April 16, 2003|By Alec MacGillis | Alec MacGillis,SUN STAFF

A Baltimore judge ruled yesterday against students seeking to block a midyear tuition increase by the University System of Maryland, rejecting their contention that the increase violated an agreement between them and their colleges.

The class action lawsuit by seven students argued that the 5 percent tuition increase approved Jan. 23 breached what they viewed as a contract between universities and students. After giving one price for the 2002-2003 school year in the fall, the students argued, the system broke its end of the deal by raising tuition for the spring semester just as it was beginning and after many students had paid their bills.

The stakes were high. If the increases were struck down, the universities -struggling with $67 million in budget cuts - would have had to find an additional $13 million to make up the revenue from the tuition surcharges, which ranged from $76 to $704 per student. And a ruling in the students' favor could have set a legal precedent against future midyear increases.

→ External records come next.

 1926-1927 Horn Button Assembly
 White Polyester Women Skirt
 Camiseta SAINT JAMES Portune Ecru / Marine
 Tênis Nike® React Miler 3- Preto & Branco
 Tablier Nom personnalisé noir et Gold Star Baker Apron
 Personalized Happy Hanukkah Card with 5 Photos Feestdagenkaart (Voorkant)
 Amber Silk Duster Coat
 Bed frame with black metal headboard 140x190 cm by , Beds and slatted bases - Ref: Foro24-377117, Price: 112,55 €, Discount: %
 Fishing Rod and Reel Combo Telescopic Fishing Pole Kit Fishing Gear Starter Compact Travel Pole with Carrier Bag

In his decision, which the students say they intend to appeal, Baltimore Circuit Judge Stuart R. Berger found that the tuition rates listed on bills and registration packets in the fall did not amount to a formal contract, as the students argued.

And even if the tuition rates given on university literature could be considered an implicit contract, the judge said, that was not enough to overcome the immunity that the university system, like most state agencies, enjoys against many legal actions. Only a formal, written contract signed by both parties would trump that privilege, he said.

"There is no written contract executed by a university official," said Berger. "I am compelled by the significant hardship imposed on students by this unplanned increase, but as a matter of law" their claim fails.

David H. Nevins, the Board of Regents finance committee chairman, said he was "very pleased" by the decision.

"It's our view that the students really did win, because the money goes to making our campuses better," Nevins said. "It would have been a financial hardship if we had lost."

The decision dismayed the student plaintiffs, who said it left them and their classmates vulnerable to tuition increases at any time, regardless of the rates previously announced.

"They can raise tuition the day of graduation, if they want," said University of Maryland law student Jodi Stern, who owes $557 in higher tuition. "It's unfortunate it came out this way."

One plaintiff, University of Baltimore law student Bronson Yake, joked bitterly that if his tuition bill wasn't deemed a contract, he simply wouldn't pay it.

Representing the students, lawyer Andrew D. Freeman told Berger that the setting and paying of tuition charges by colleges and students represented "an agreement, a meeting of the minds," and as such amounted to a contract.

The tuition bill "doesn't have to say `contract' on it," he said. Contracts require "an offer, an acceptance and a consideration, and those terms are expressed in the bill."

Freeman offered the example of a private trade school that raises its rates just as its courses are starting. That, he argued, would likely be challenged by the state attorney general's office as a breach of contract. Why, he asked, wouldn't the same reasoning apply to the university system?

Assistant Attorney General John Anderson, representing the system, said the universities had warned students in their literature that tuition was subject to change.

Freeman countered that those warnings were sprinkled through some course catalogs and Web sites but not on tuition bills or registration materials.

Anderson also argued that the surcharge was acceptable because students still had the option of pulling out of school with a tuition refund.

Freeman called this unrealistic, saying students' career plans would be damaged by dropping out.

"In essence, they were trapped," he said.